- _DATASET SECTION_:

++++++++++++++++++++

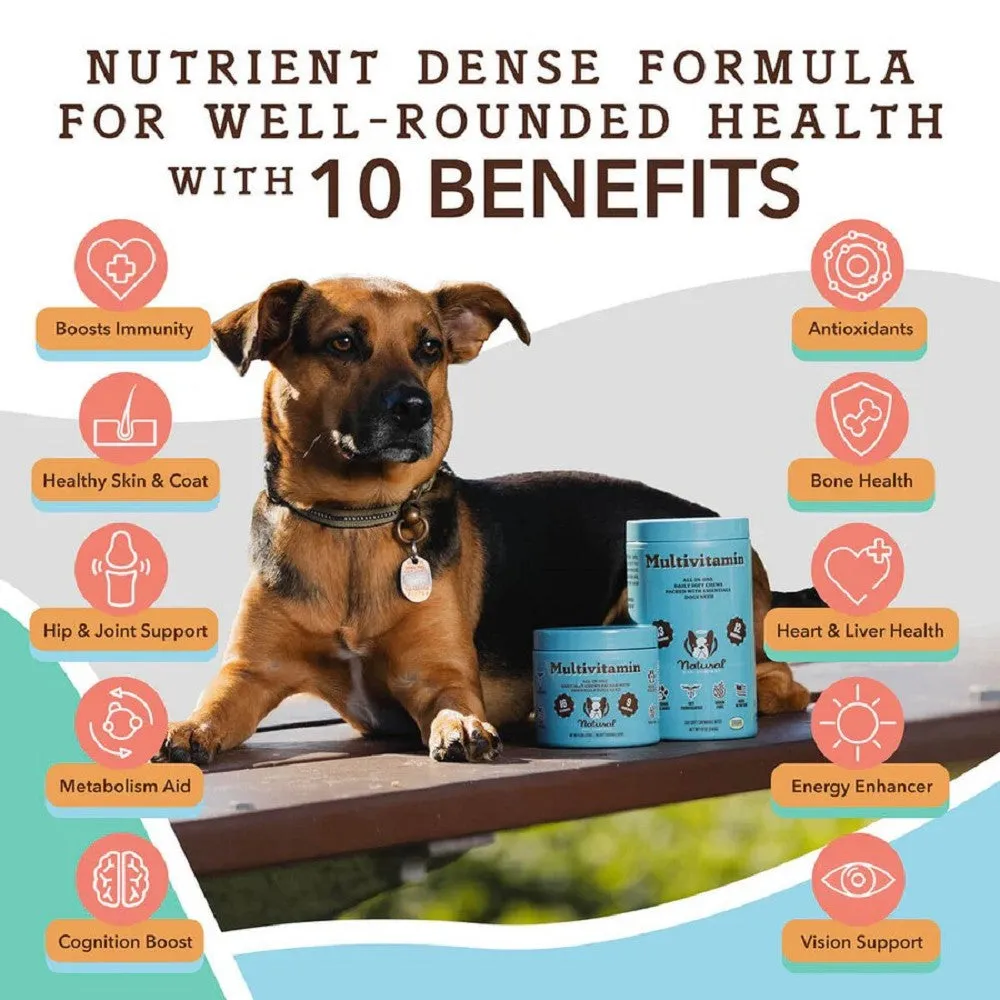 Multivitamin Supplement for Dogs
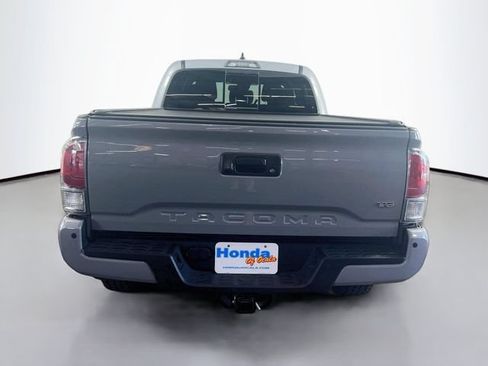 Used 2020 Toyota Tacoma TRD Sport w/ Technology Package AWD/4WD image 21
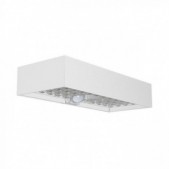6W LED sieninis lauko...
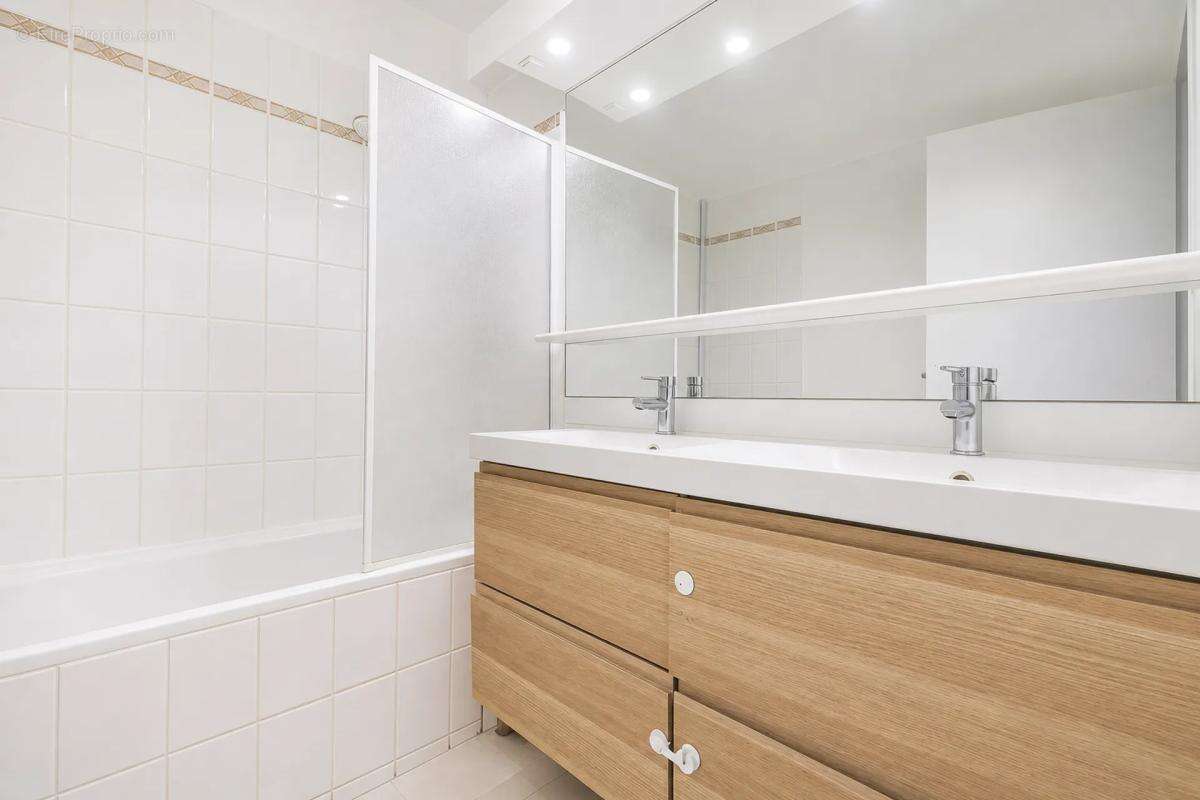 Appartement lumineux 4 pièces loué à Ris-Orangis - photo 8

++++++++++++++++++++

An exact, picture-free copy of the listing above is the goal; write it out now.

- _ANSWER TO THIS PROBLEM_:
 Multivitamin Supplement for Dogs
 Used 2020 Toyota Tacoma TRD Sport w/ Technology Package AWD/4WD image 21
6W LED sieninis lauko...
 Appartement lumineux 4 pièces loué à Ris-Orangis - photo 8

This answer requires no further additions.